Other Tips That May Help Early Morning Waking:
- Expose your child to as much daylight as possible during the day, keeping naps in natural light (no blinds closed or sleep shades on prams or car seats for daytime naps). Conversely keep nights as dark as possible. Be aware of the lighting used at night – see THIS post for more.
- Use blackout blinds in the bedroom overnight in an attempt to keep the early mornings as dark as possible. Cover any nooks and crannies with stick on fabric or film.
- Try to slowly and gently move your child’s naps later in the day if they are prone to nap early in the morning, with the earliest nap (if they have more than one) not being earlier than ten am. This can help shift the circadian rhythm a little towards a later bedtime and later wake time.
- Encourage your child to come into bed with you early in the morning (following safe sleeping guidelines) for sleepy snuggles and feeds which may encourage them go back to sleep again or allow you to drift in and out of sleep for an extra half an hour.
- Aim for a bedtime of not earlier than eight pm, in the hopes that your child’s sleep needs will be fulfilled at a later time in the morning.
- Consider dropping a nap during the day, or at least don’t encourage them to go back to sleep after the end of a sleep cycle (40-60 minutes depending on age).
- Keep the early morning interactions quiet, calm and as boring as possible. For toddlers try telling them “it’s still time to sleep now” and encourage them to lay down and snuggle a comforter or toy and listen to a relaxation CD.
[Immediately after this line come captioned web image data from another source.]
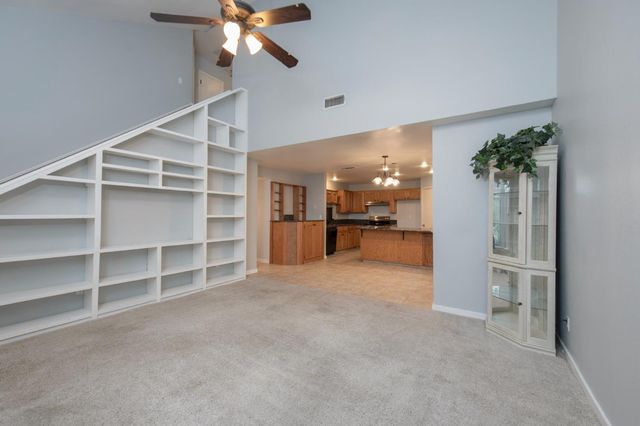 4739 W Bellaire Way, Fresno, CA 93722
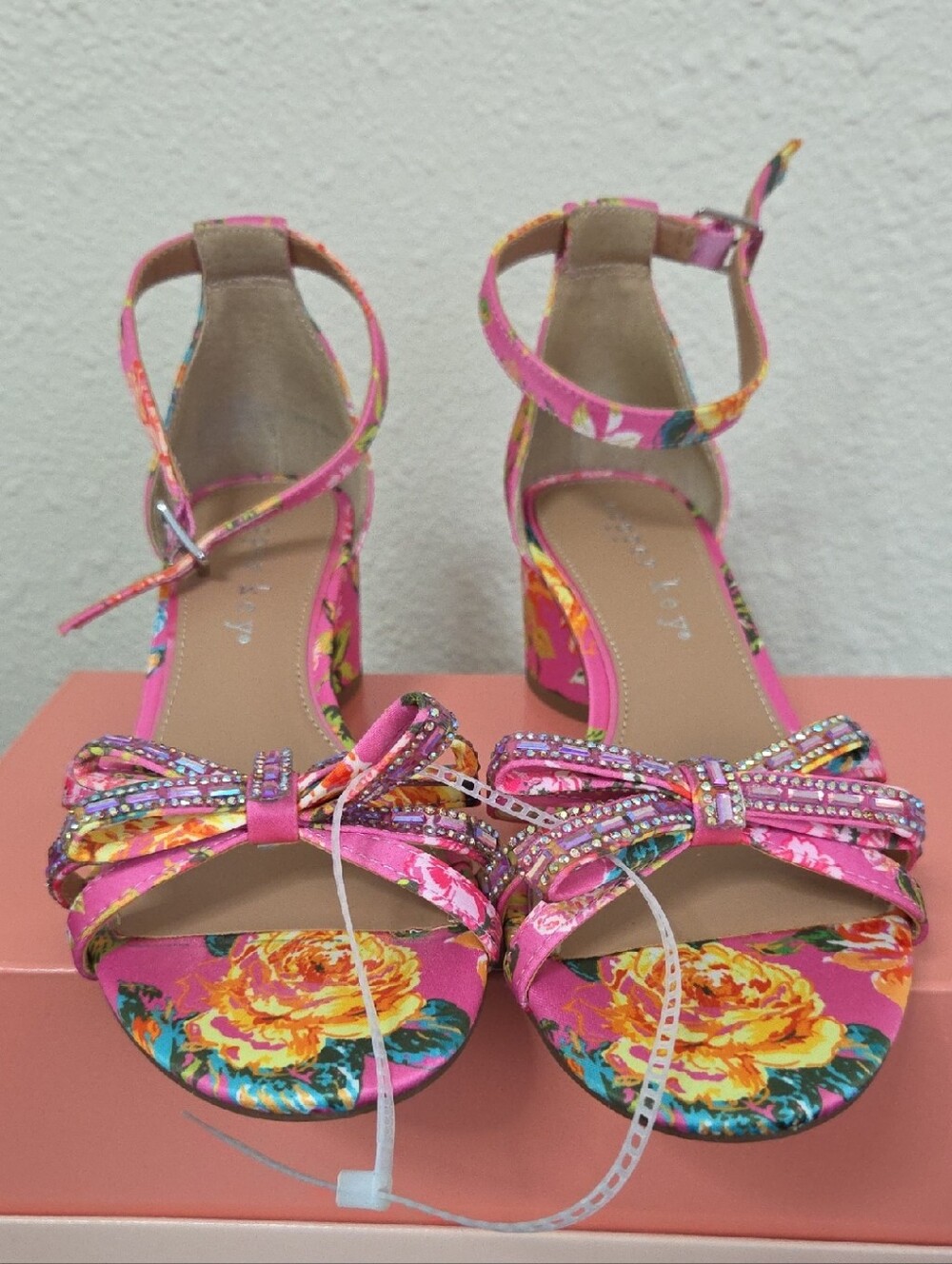 Women's Pink Floral Bow Ankle-Strap Sandals Size 7.5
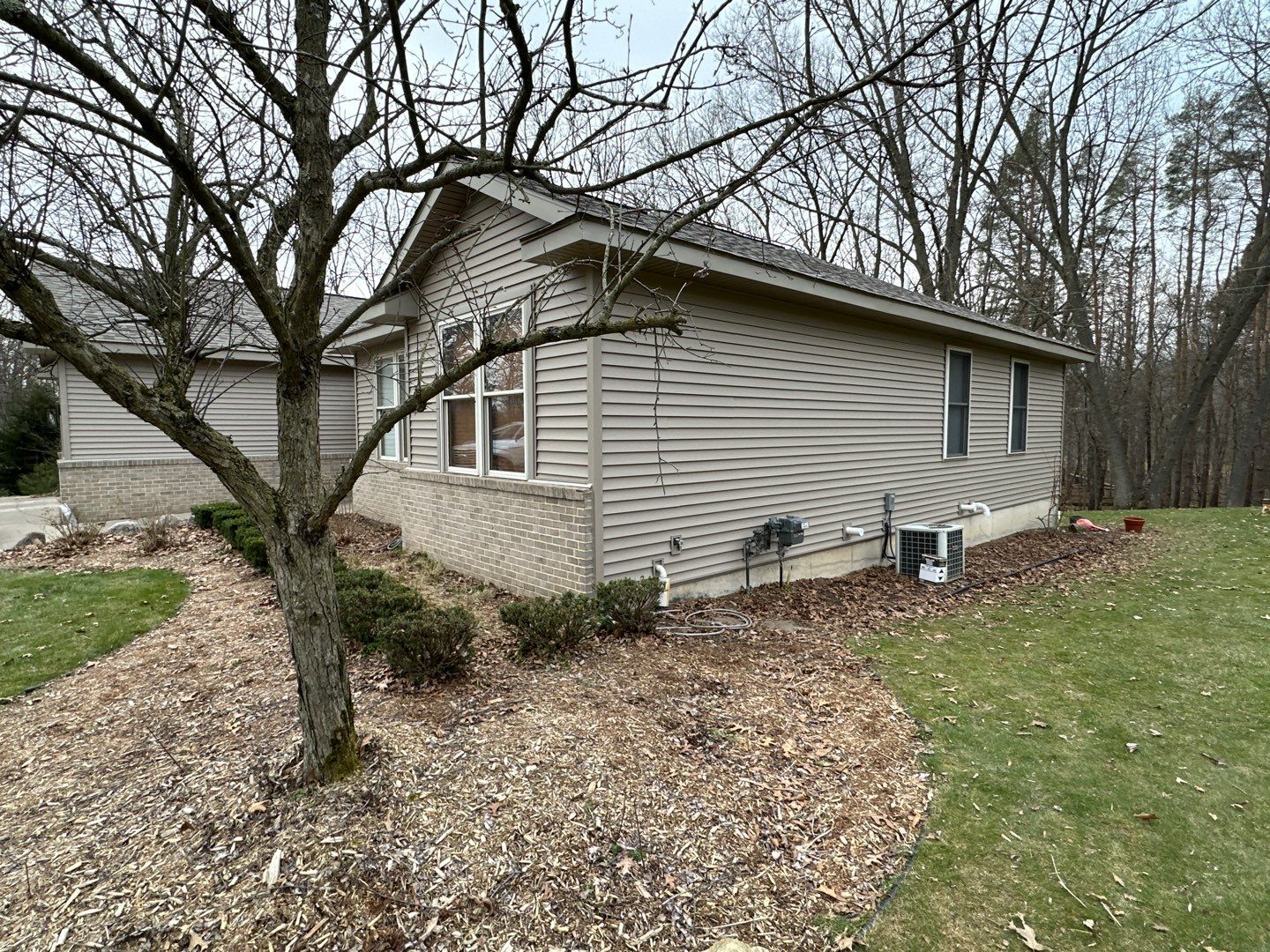 Siding Replacement using Certainteed Restoration Classic D4 by 180 Contractors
- Make a visual cue for older toddlers and preschoolers. Get a cheap plastic ‘school’ clock (the type you find in offices or schools, something like THIS) dismantle and colour in sections to represent night and day. For instance one half of the clock yellow with a big smiley sun and the other half blue with a smiling moon. Explain to your child why we sleep at night and that when the clock is still in the moon section it is still night-time. Make it clear that they can come to you/you will come to them whenever they need you. The clock is to *only* be used as a visual guide to show them night and day, at no point should they be made to stay in bed if the clock isn’t in the ‘day’ section. Not only is this significantly cheaper than the myriad of ‘sleep training’ clocks on the market importantly it also avoids the coloured lights these devices all have which unfortunately almost always focus on colours that are known to inhibit sleep (such as blue), making their use counter-productive.
- Embrace the early mornings. This is hard to do (I have been there four times!) but ultimately I think it’s the most successful way to handle early mornings. Go to bed early yourself and get up with your child. Appreciate how beautiful the sunrise is and the quietness (or bird song) of the very early mornings. This is a wonderful time to get things done too, especially if there are two parents at home, the extra pair of hands may mean that you may have some free time to prepare dinner for that evening (slow cookers are great!), do any jobs that need doing or get some exercise in (such as an early morning run).
- Remember ‘This too will pass’. Because it will………Each day may feel like an eternity, but in the grand scheme of your life, two or three years of crazy early mornings really is only a very short percentage. All too soon your child will inherit your abnormal sleep patterns and the tables will soon turn in the teenage years when you are unable to get them out of bed until midday.